Nicht selten würden sogar »komplett illegale Arbeitsbedingungen« stillschweigend hingenommen, berichtete Vera Dockendorf, beispielsweise wenn Stagiare Überstunden leisten müßten, die sie noch nicht einmal bezahlt bekämen, »weil sie ja dem Gesetz nach gar keine Überstunden machen dürfen«. Auch würden Sekundarschullehrer ungefragt in Grundschulen geschickt und gleich nach ihrer Ankunft in Luxemburg sage man ihnen auf »Welcome-Meetings«, es sei nicht nötig, sich gewerkschaftlich zu organisieren, Probleme würden »unter uns« gelöst. Dazu passe, daß vom SEW angebotene Seminare über Schaffendenrechte in Luxemburg vom IFEN (»Institut de formation de l'Education nationale«) trotz des großen Zuspruchs nicht als Weiterbildung anerkannt würden.

Kritische Fragen zur Digitalisierung, dem Steckenpferd des Erziehungsministers, warf Jules Barthel auf. Leider habe Meisch auch keine Konzepte, um adäquat auf Phänomene wie Cybermobbing, sexuelle Belästigung über das Internet oder das in der Coronakrise noch verstärkte Suchtverhalten von Jugendlichen zu reagieren.
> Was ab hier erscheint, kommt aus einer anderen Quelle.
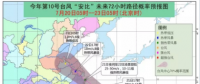 黃色預(yù)警！臺(tái)風(fēng)“安比”周末登陸浙江 附近沿海風(fēng)電場(chǎng)需提前做好預(yù)防措施！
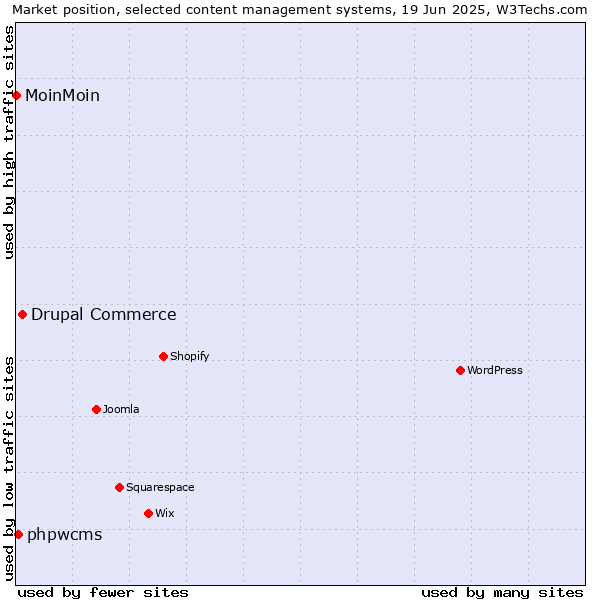 Market position of Drupal Commerce vs. phpwcms vs. MoinMoin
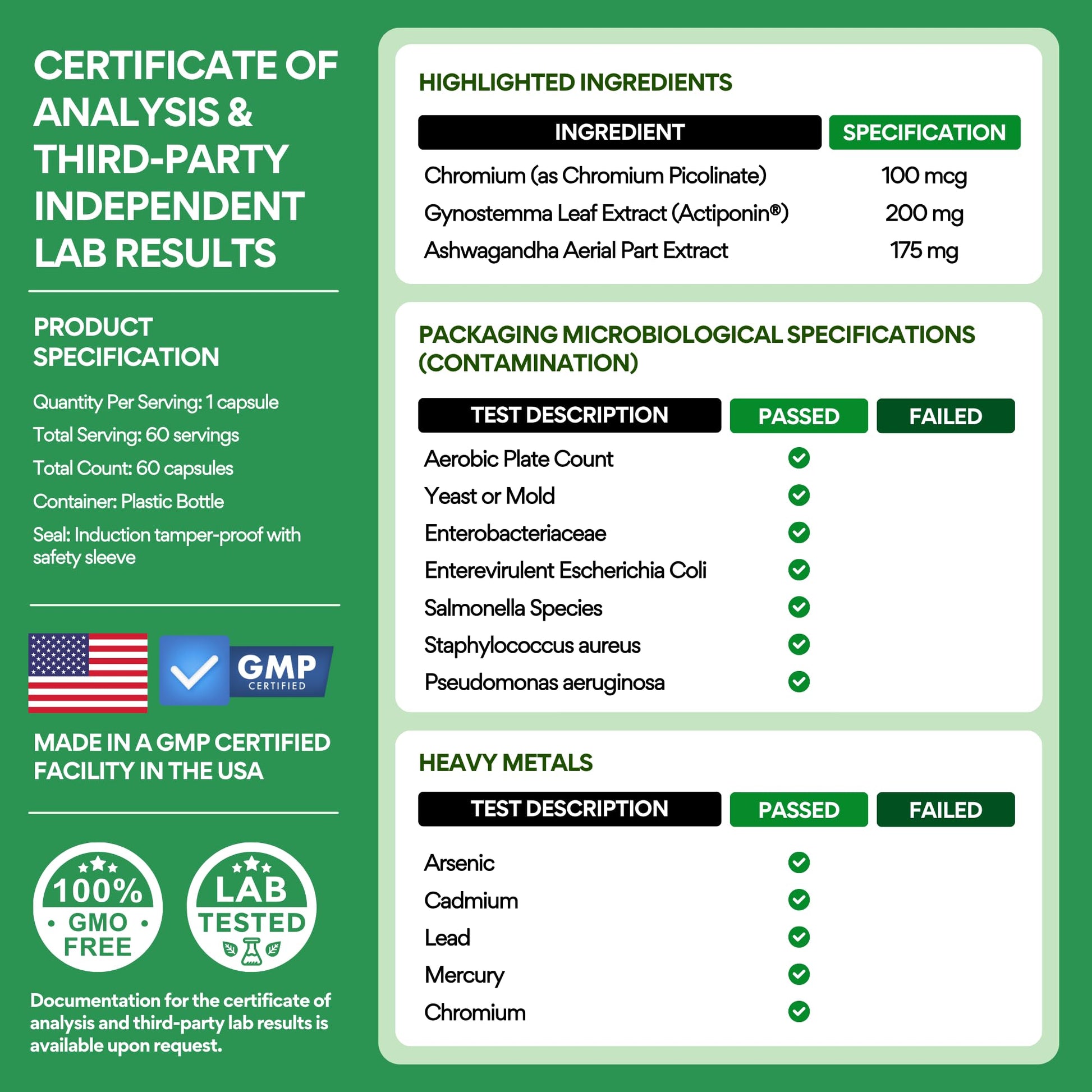 VoomVaya MenoSlim Advanced Menopause Weight Loss for Women – Menopause & Perimenopause Supplement for Women – Supports Healthy Metabolism & Overall Wellness – 60 Capsules VoomVaya buy supplements canada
Da von offizieller Seite keine diesbezüglichen Weiterbildungsmöglichkeiten für Lehrer und Lehrerinnen angeboten würden, habe das SEW nun selbst eine Informationsbroschüre herausgegeben und werde im Oktober zusammen mit der APESS eine breitangelegte Informationskampagne zum Thema lancieren.